The heavily redacted remedial plan is understood to have been drafted by GTR but approved by the Department for Transport (DfT). Unions called the lenient agreement 'a last ditch attempt to prevent the termination of the Govia Thameslink railway franchise agreement'.

The DfT clarified that financial incentives or penalties based on the performance targets set out in the franchise agreement are calculated annually, with the exact figures not routinely published. This is said to be due to commercial sensitivities.

A DfT spokesperson said: ‘Passengers have had to put up with unacceptable levels of cancellations on the GTR network, and it is right that the operator is taking robust, positive steps that will ensure fewer services are cancelled, not more. These targets are both challenging and realistically achievable.

'Improvements won’t happen overnight, but the Remedial Plan sets out clear long-term improvements including recruiting and training more drivers, and introducing more reliable trains on the line. Some of these changes are already being delivered and we continue to work with GTR to ensure they deliver the high quality service that passengers deserve.’

GTR has blamed its recent high level of cancellations on staff sickness but the RMT has challenged this claiming the company is unfairly shifting blame onto the workforce.
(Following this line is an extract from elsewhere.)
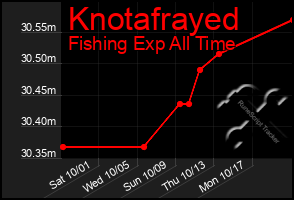 Total Graph of Knotafrayed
The union cited two recent examples in which GTR had blamed staff cancellations on a shortage of conductors, when this was not the case.

A Southern spokesperson said: ‘Both of these cases were nothing more than simple human error. The accusation that we are deliberately cancelling services is quite simply ludicrous.’

Southern services have also been affected by strike action by RMT members over its attempts to introduce more driver only operation (DOO) on its trains by changing the role of conductors.

The union and GTR have recently held talks at conciliation service ACAS.

Separately, GTR has won a temporary injunction preventing drivers’ union ASLEF taking industrial action on Southern and Gatwick Express services over the same issue, despite a significant majority voting in favour.